• AIM OF THE TASK: Repeat every entry exactly as it stands. Omit the images.
--*--
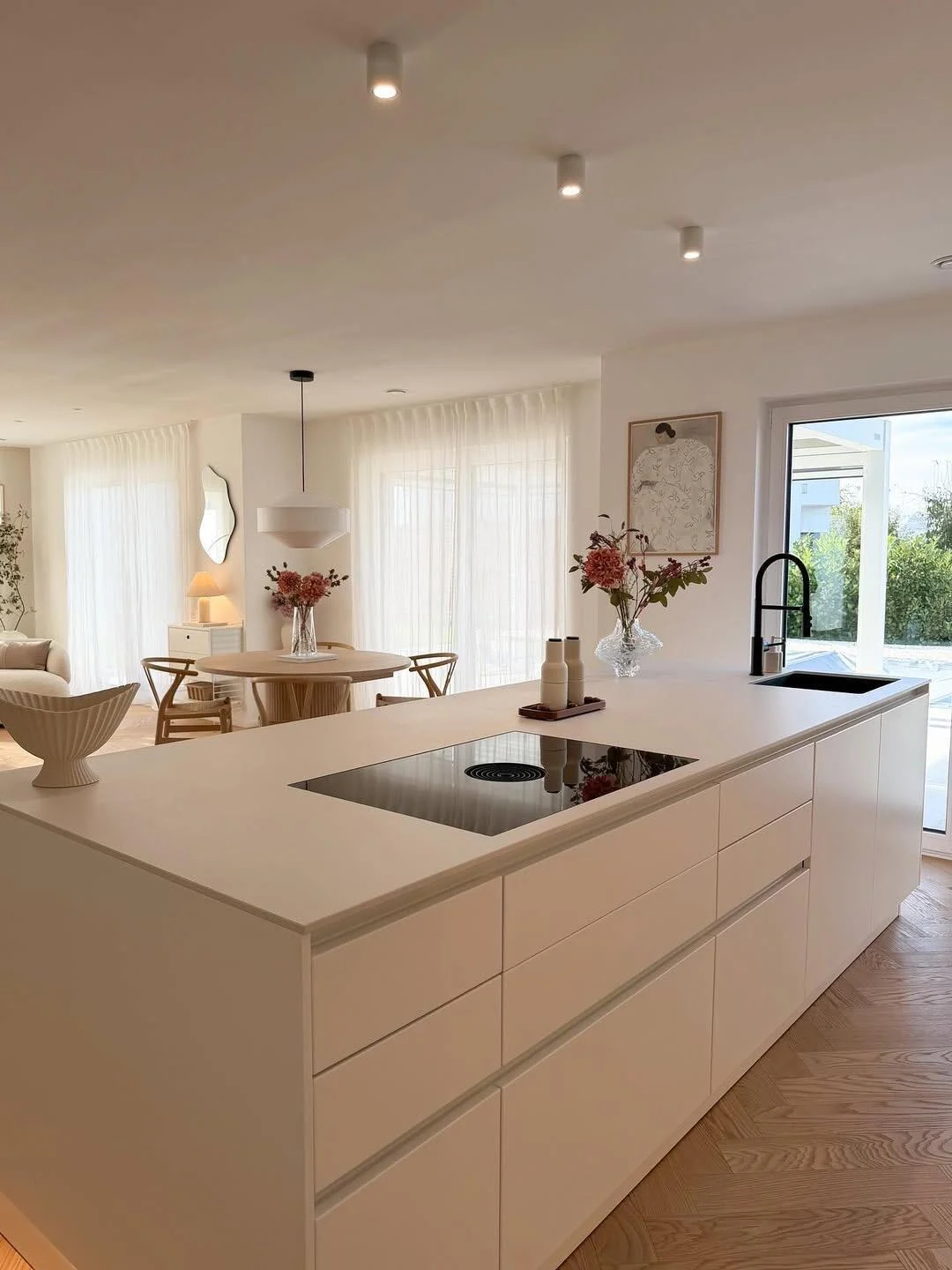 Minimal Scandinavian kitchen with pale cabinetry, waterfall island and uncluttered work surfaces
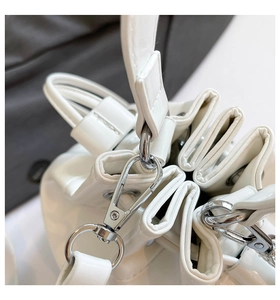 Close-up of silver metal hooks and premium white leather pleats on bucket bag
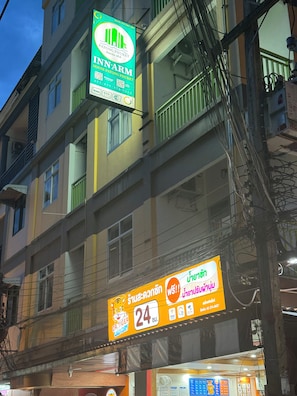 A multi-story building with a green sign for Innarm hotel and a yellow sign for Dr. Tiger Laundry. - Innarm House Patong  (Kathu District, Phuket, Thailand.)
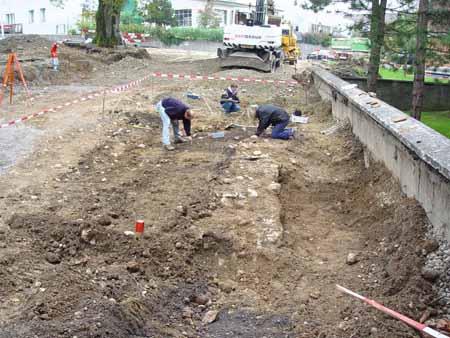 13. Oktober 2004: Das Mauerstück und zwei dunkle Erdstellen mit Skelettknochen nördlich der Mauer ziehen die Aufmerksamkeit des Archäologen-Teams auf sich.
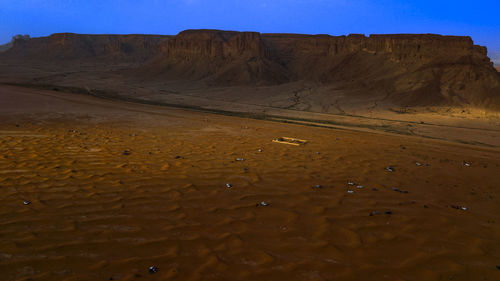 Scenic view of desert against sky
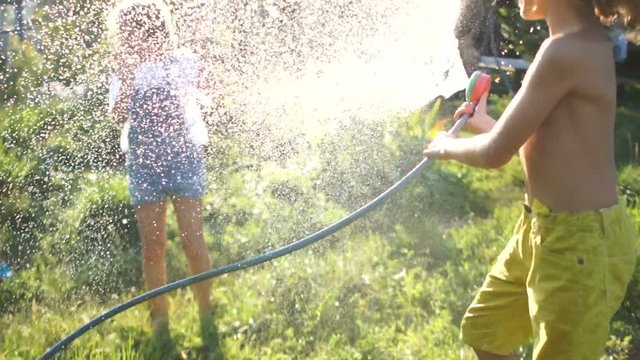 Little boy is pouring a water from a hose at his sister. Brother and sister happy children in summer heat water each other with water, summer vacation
--*--
• EXPECTED ANSWER:
 Minimal Scandinavian kitchen with pale cabinetry, waterfall island and uncluttered work surfaces
 Close-up of silver metal hooks and premium white leather pleats on bucket bag
 A multi-story building with a green sign for Innarm hotel and a yellow sign for Dr. Tiger Laundry. - Innarm House Patong  (Kathu District, Phuket, Thailand.)
 13. Oktober 2004: Das Mauerstück und zwei dunkle Erdstellen mit Skelettknochen nördlich der Mauer ziehen die Aufmerksamkeit des Archäologen-Teams auf sich.
 Scenic view of desert against sky
 Little boy is pouring a water from a hose at his sister. Brother and sister happy children in summer heat water each other with water, summer vacation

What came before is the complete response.